DESCRIPTION OF THE TASK: No pictures in the copy, please: retype all the records exactly.

(SUPPLIED INFORMATION Opens)

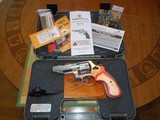 Smith And Wesson model 625-8 performance center 45 acp - 1 of 8
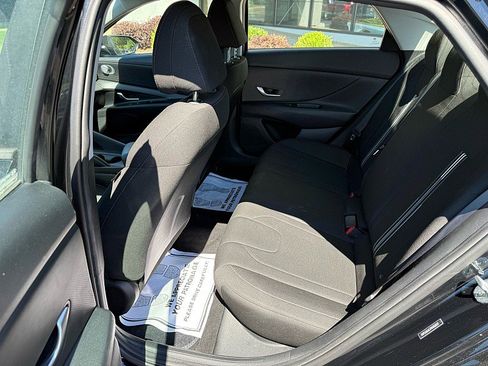 Used 2022 Hyundai Elantra SEL FWD image 10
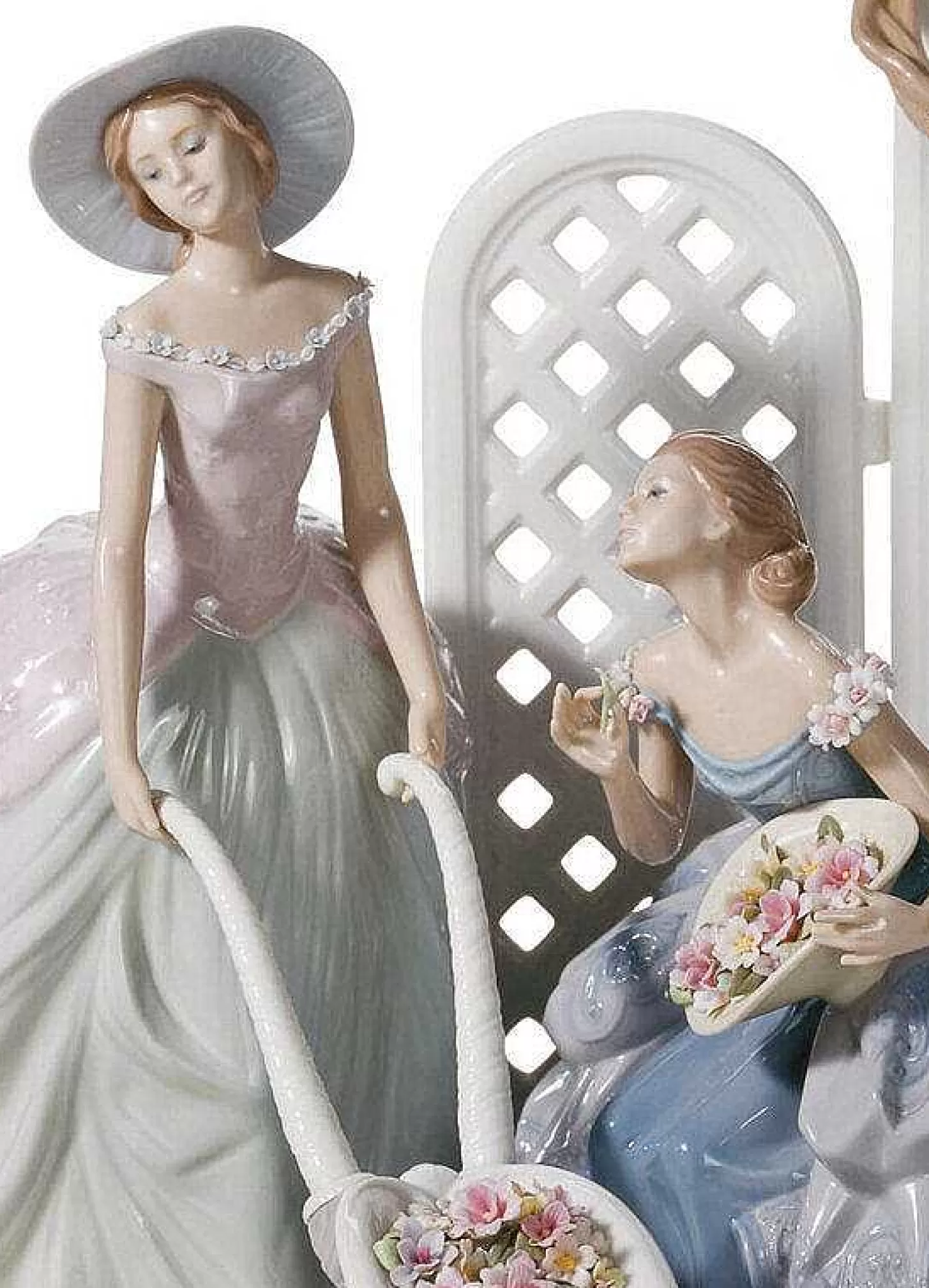 Lladró Garden Of Romance Women Figurine. Limited Edition^ Women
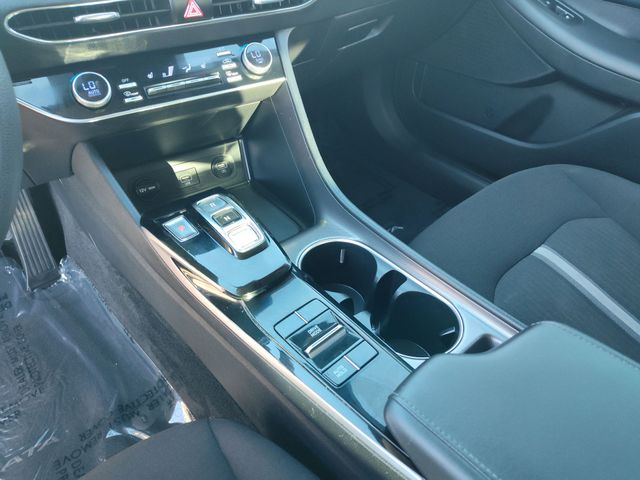 Thumbnail: 2022 Hyundai Sonata - 13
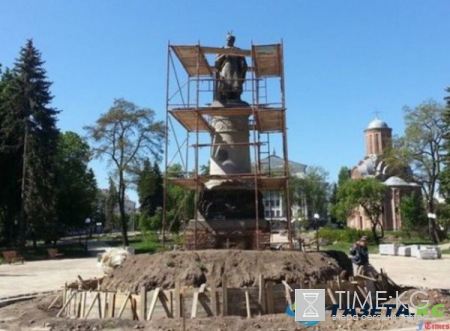 В Чернигове памятник Богдану Хмельницкому решено развернуть задом к Москве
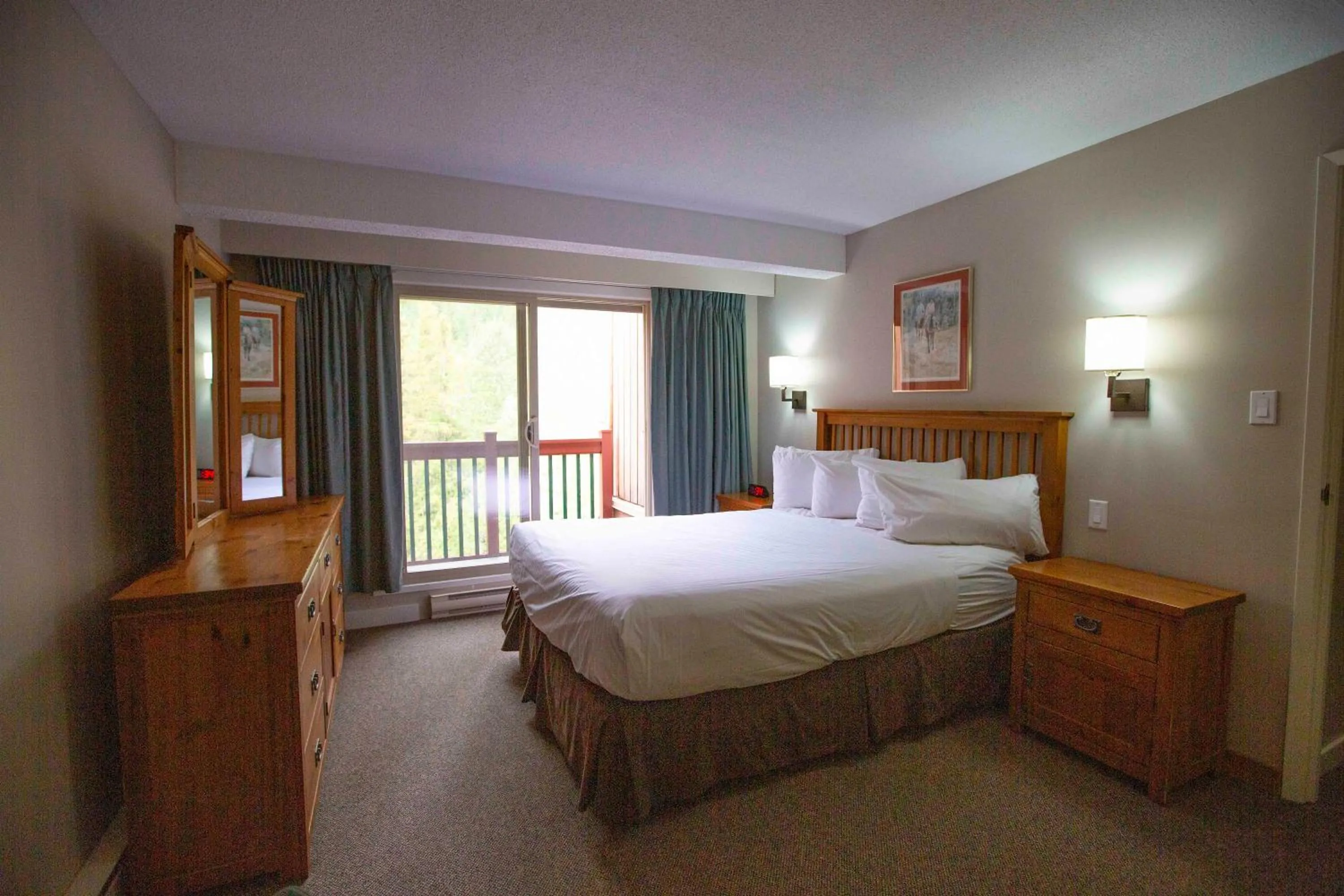 Bed in Panorama Vacation Retreat at Horsethief Lodge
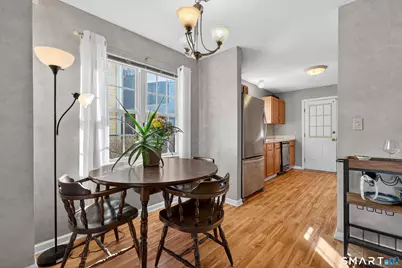 2390 State Street #L17C, Hamden, CT 06517 - Photo 10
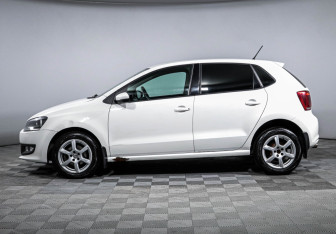 Подержанный автомобиль Volkswagen Polo Hatchback 2010 года (8 фото)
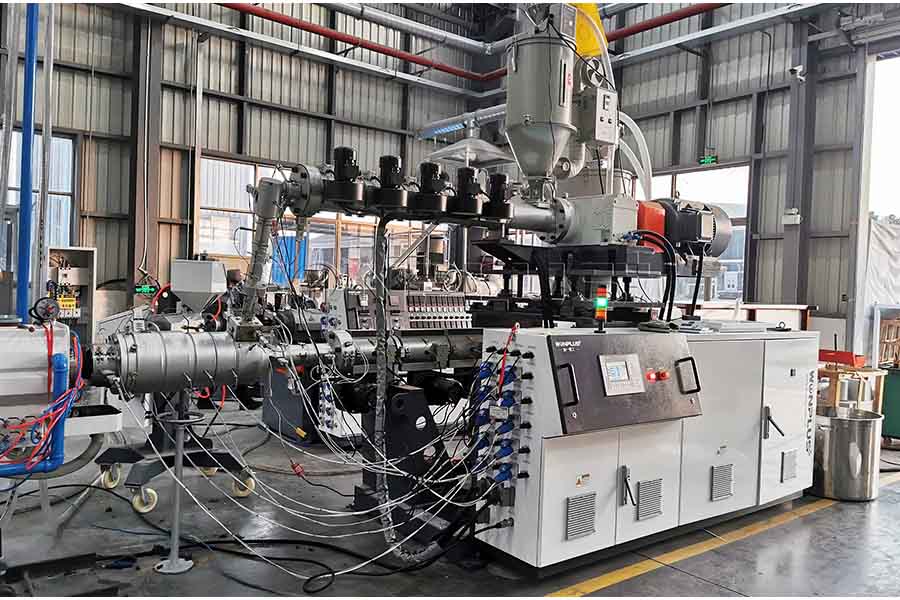 Mise en service de la machine de fabrication de tuyaux PPR HDPE 20-110mm 3 couches en usine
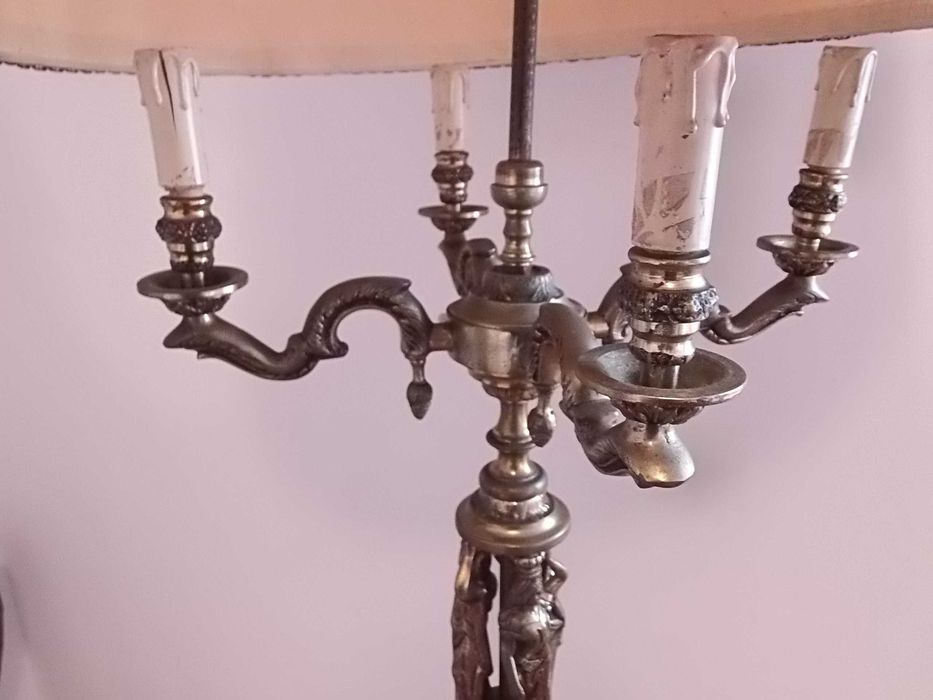 Candeeiro de pé alto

(SUPPLIED INFORMATION Closes)

EXPECTED ANSWER:
 Smith And Wesson model 625-8 performance center 45 acp - 1 of 8
 Used 2022 Hyundai Elantra SEL FWD image 10
 Lladró Garden Of Romance Women Figurine. Limited Edition^ Women
 Thumbnail: 2022 Hyundai Sonata - 13
 В Чернигове памятник Богдану Хмельницкому решено развернуть задом к Москве
 Bed in Panorama Vacation Retreat at Horsethief Lodge
 2390 State Street #L17C, Hamden, CT 06517 - Photo 10
 Подержанный автомобиль Volkswagen Polo Hatchback 2010 года (8 фото)
 Mise en service de la machine de fabrication de tuyaux PPR HDPE 20-110mm 3 couches en usine
 Candeeiro de pé alto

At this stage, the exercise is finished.